Isobel leans into the room with a grin. “Thirsty? Can I get you girls anything?”

Nerissa and Ada both ask for water and after Isobel sets three glasses down on the end table, two on top of the homework folder, she turns to Nerissa and gestures to the sofa, “Nerissa, you know you are more than welcome to take a seat. Make yourself at home.”

“Yeah.” Nerissa doesn’t move.

Emmet puts on a wide grin. “Yeah. C’mon, Issa. _Mi casa es su casa_ and all that, y’know?”

“I know.”

Isobel hums and walks out, calling over her shoulder, “Well, let me know when you kids are hungry.”
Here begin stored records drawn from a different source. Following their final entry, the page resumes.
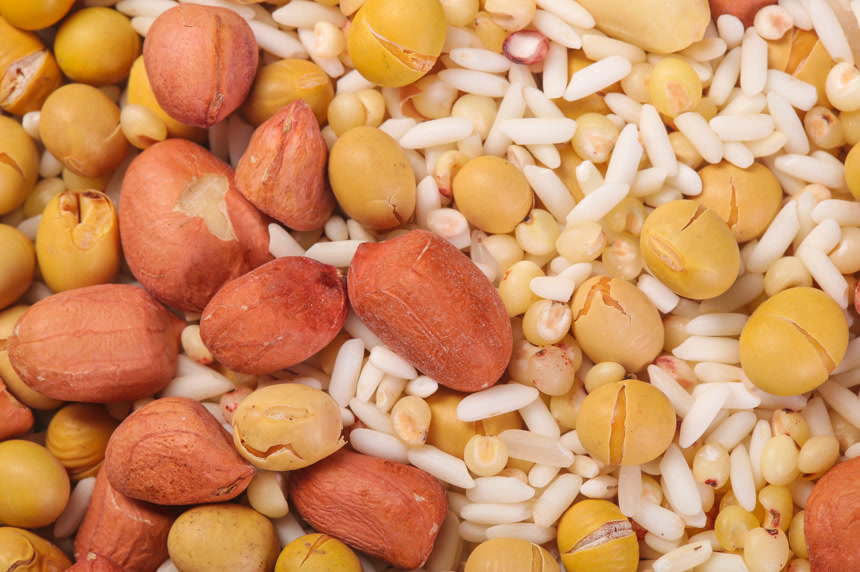 白底上的花生五谷豆浆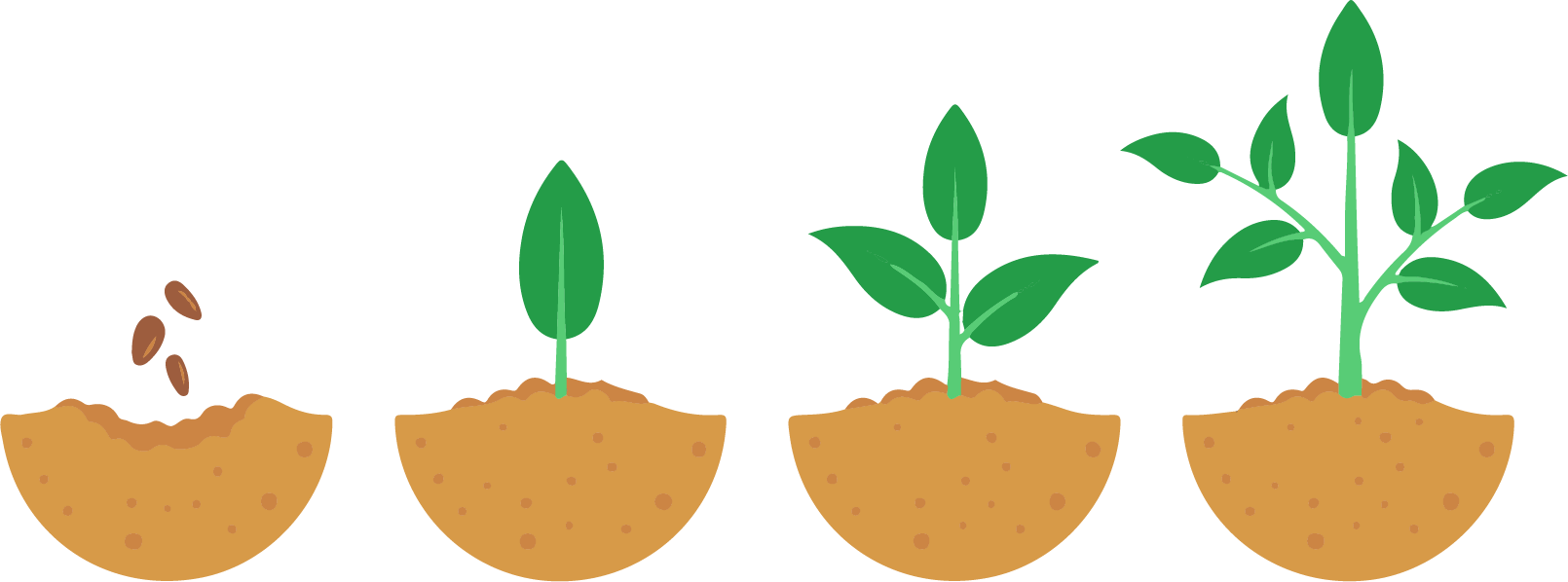 Growing Plant Png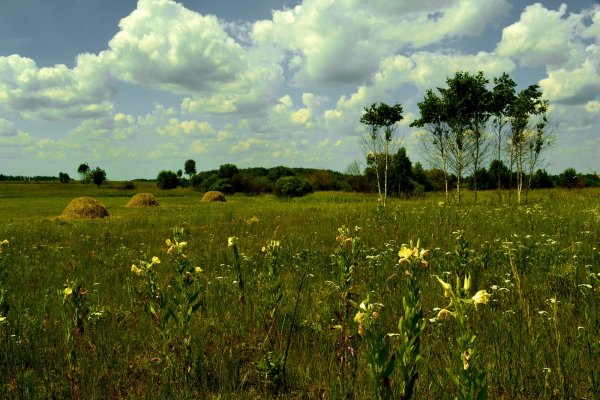 Сенокосная пора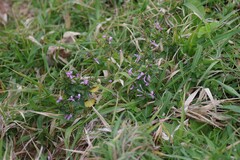 Hypoestes
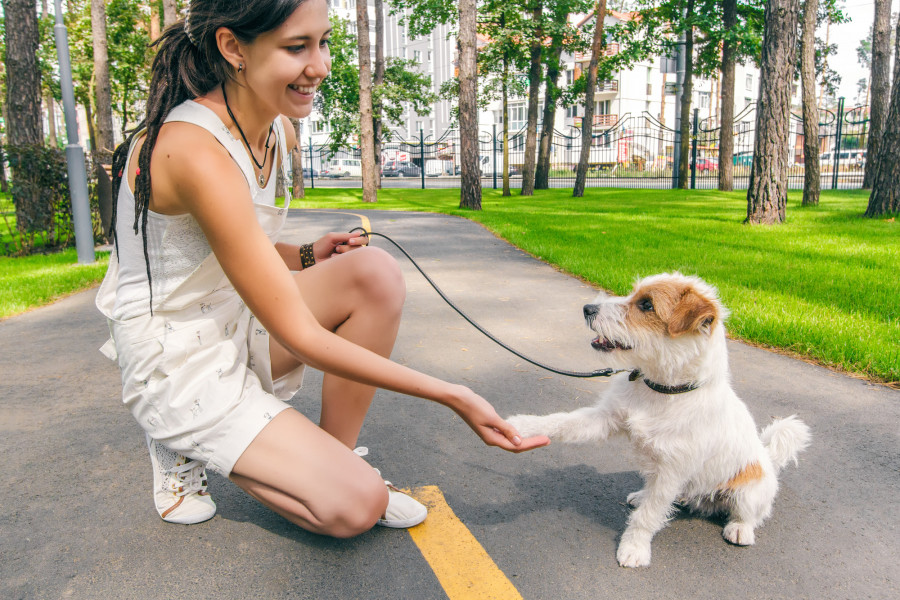 Tips To Teaching Paw Tricks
“Okay, Mom,” Emmet says back. When Nerissa still doesn’t budge, he huffs and cranes his body at odd angles to try seeing around her. “Y’know, Issa, there’s an old saying about making a better door than a window—”

“—is this what it’s gonna be like the entire time we’re here?” 

There must be something in the way the words drop from Nerissa’s mouth that brings the whole room up short. 

Ada and Emmet both snap their gazes to her face and stare. 

Ada is the first to move, straightening up and starting, “Nerissa…”

“Because yeah, I get it,” Nerissa says and her hands tighten into fists at her sides. “You’re Emmet and you wanna put on this whole face that everything’s _fine_ and it’s _cool_ and you’re _okay—_ ”

“—but I _am_ okay—”

“—we watched you get carried off the field, Emmet!” 

And Nerissa doesn’t know why her shoulders are so tight. She doesn’t know why this bothers her so much, except that it’s all she can think about every single time her phone buzzes with another dumb _It’s Always Sunny_ picture with bold white font strung across it that he thought was enough to give him stitches. “Like, you couldn’t _walk._ I _know_ that you had to be in a lot of pain, but you didn’t text me at all that entire night!”

“Uh, I told you I was going to the hospital, didn’t I?”

“Yeah, but that was it!” Nerissa throws an arm out to Ada. “Next message I get from you is during chemistry the next morning, and it’s a link to a stupid cat video!” 

“But didja see it?”

Nerissa sighs and runs her hands down her face. Pleadingly, she turns to Ada. 

Ada, for the second time that day, decides to translate. “Nerissa’s trying to say she’s worried about you.”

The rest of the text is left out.